Of course, individual results and experiences will vary based on actual food eating and disposal habits. A family of four might be running the countertop Eco 3 model every day of the week, while a live-alone single might only use it once in that week. Homeowners with a big yard and garden space may find other composting methods more appropriate, while folks living in condominiums may find existing green bin recycling programs satisfactory for their needs.
But in addition to selling FoodCyclers directly to the consumer, the company has partnered with local municipalities and organizations right across Canada to provide the devices at a discounted price as a way both to kickstart and to evaluate community-wide recycling efforts, efforts often supported by “green subsidies” from provincial or federal agencies.
For example, as part of Ontario’s Food and Organic Waste Policy, municipalities are required to “provide for the resource recovery of food and organic waste means through such as home composting, community composting and local event days”.
So FoodCycler has established partnerships with more than 70 municipalities in eight provinces and territories to pilot the use of its food recycling technology. There are some 4,500 households across the country that are in or have completed such programs.
The Town of Bancroft, for example, partnered with FoodCycler and Impact Canada Investments to offer the technology to its residents at a subsidized rate.

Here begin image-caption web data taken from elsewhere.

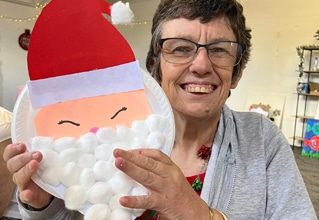 Woman Holding Santa Claus Art — Disability Services in Weston, NSW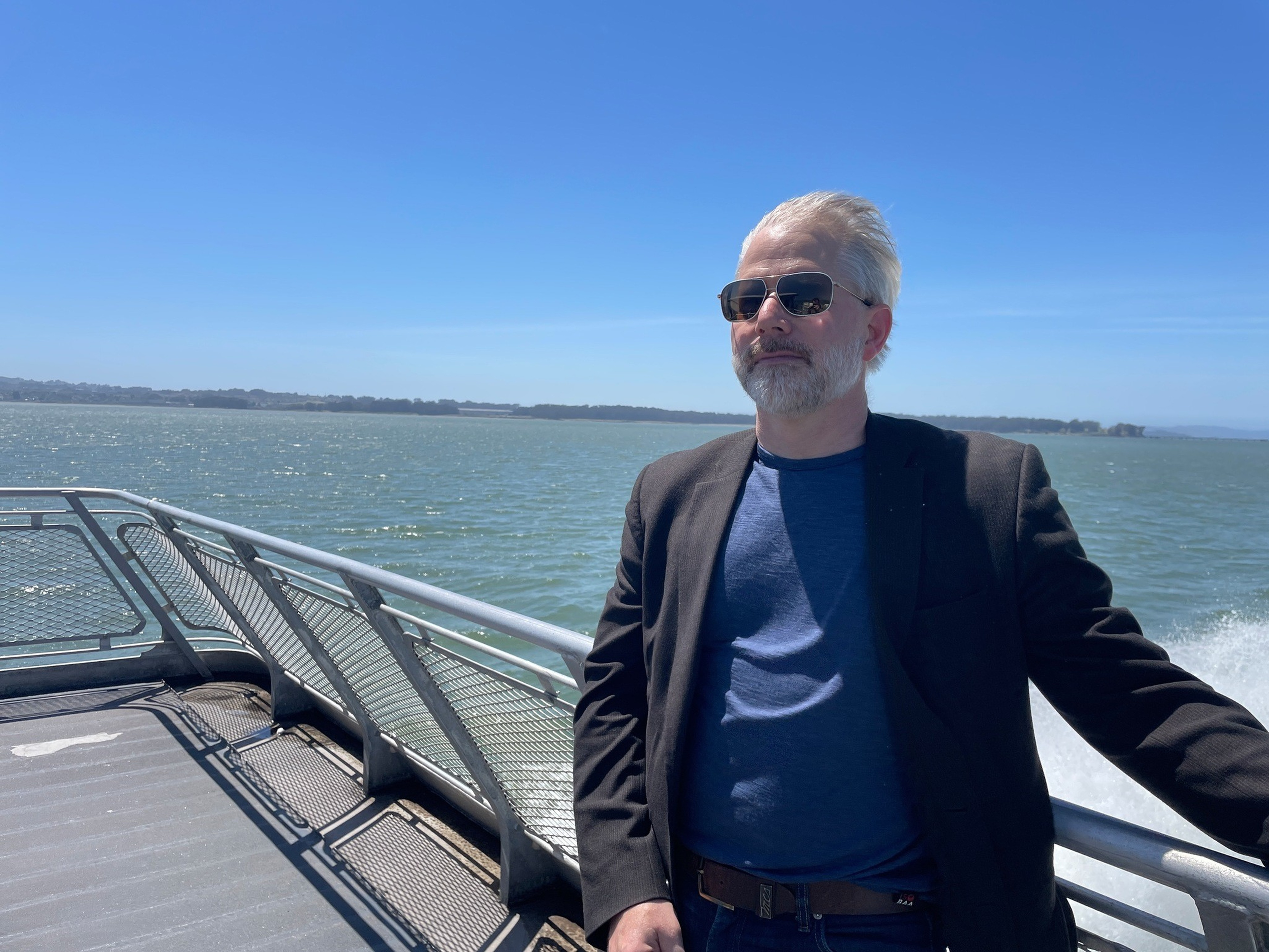 A man with white hair and a beard wears sunglasses, a blue shirt, and a dark blazer while standing on a boat with water and land in the background.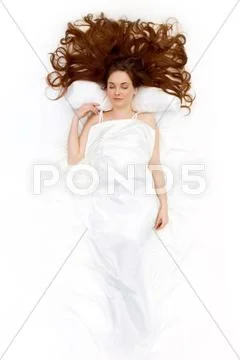 Above view of resting female under linen sheet with her long hair spread on pill Stock Photos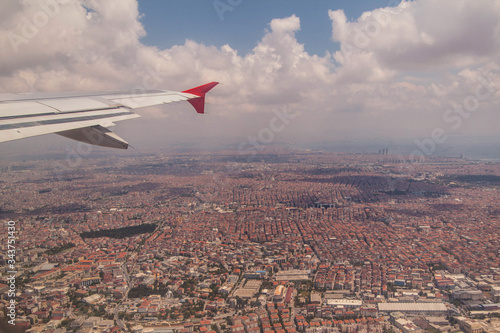 view of clouds and wing from the plane, view of the city from above. Concept of urban development, tourism and travel, passenger air transportation.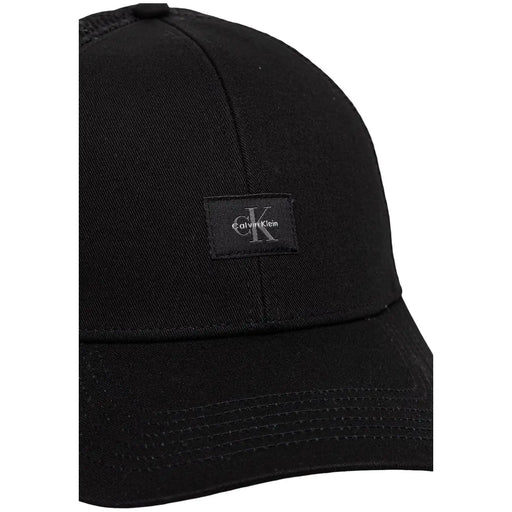 Calvin Klein Schwarze Herren-Truckerkappe aus Baumwolle mit Monologo, dezent strukturiertem Stoff und kleinem, gesticktem Logo-Aufnäher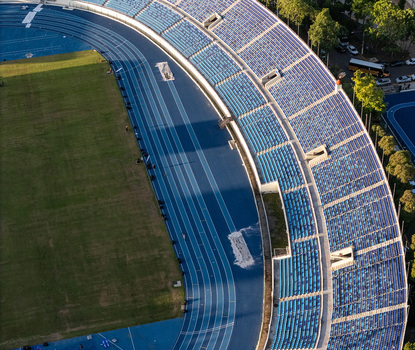 Aerial view of the blue running tracks and stadium seating in Santo Domingo Distrito Nacional Dominican Republic.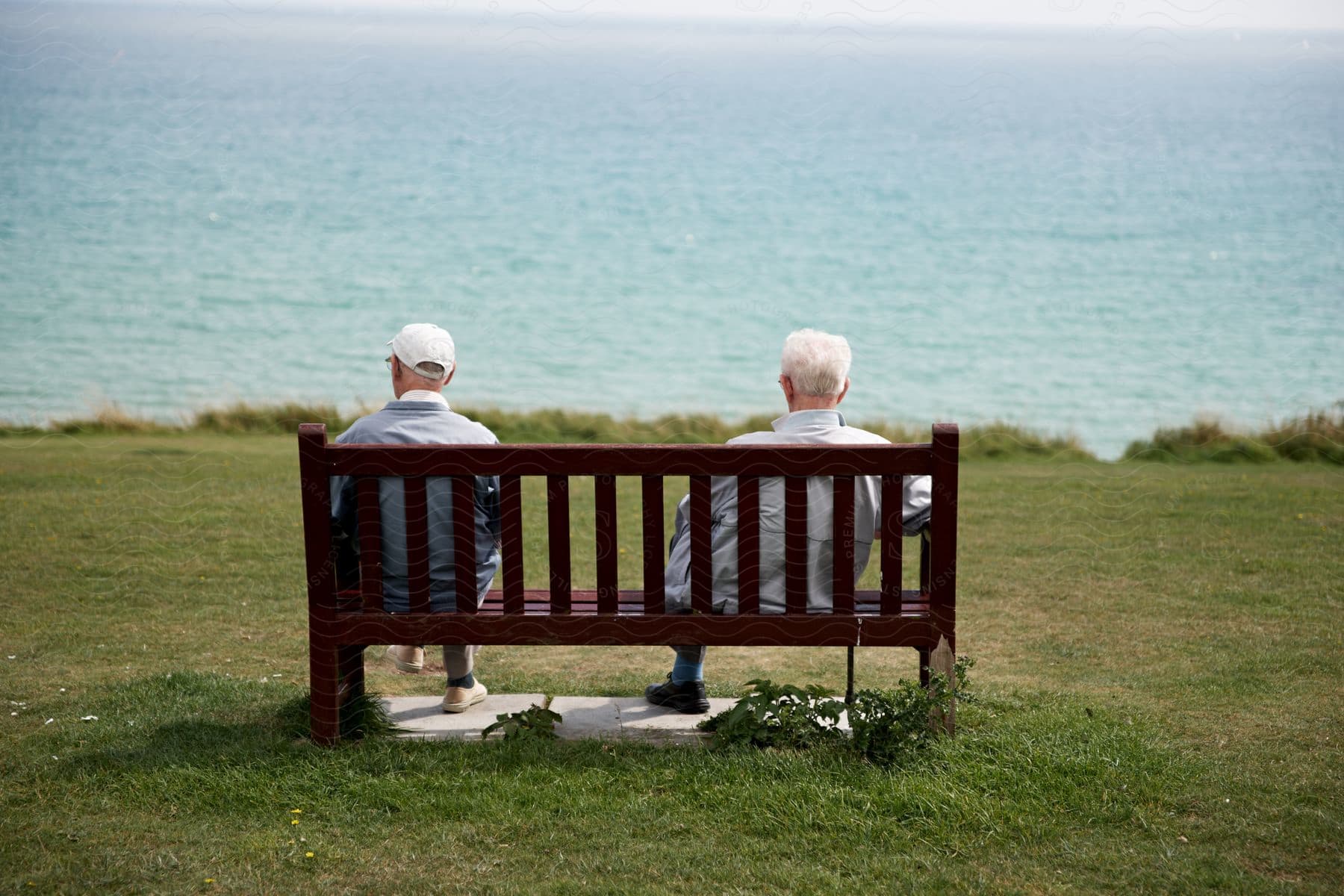 Two elderly men sit on a bench near the sea on a coastal island covered in grass during the day. One of them wears a baseball hat.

At launch, the program had 30 available spots and FoodCycler units, discounted by more 50 per cent. A pilot in Clarence-Rockland engaged some 500 households in a similar 12-week project. Other Ontario communities like East Hawkesbury, South Glengarry and South Stormont have opted in a FoodCycler pilot program.
In Tumbler Ridge, British Columbia, some 200 units were made available, and the company recently announced expansion in Taiwan, as well.
FoodCycler cites high “will continue to use” and “would recommend device to others” ratings from its pilot programs, and it estimates each participating household, with three to four residents each, diverts as much 300 kilograms of food waste away from landfills each year. Since 2011, FoodCycler calculates that it’s helped divert over 29 million pounds of food waste from landfills across North America, while helping users economize on garbage pick-up costs, manage energy costs, reduce the amount of food we waste and amount of stuff we send to already overcrowded landfills.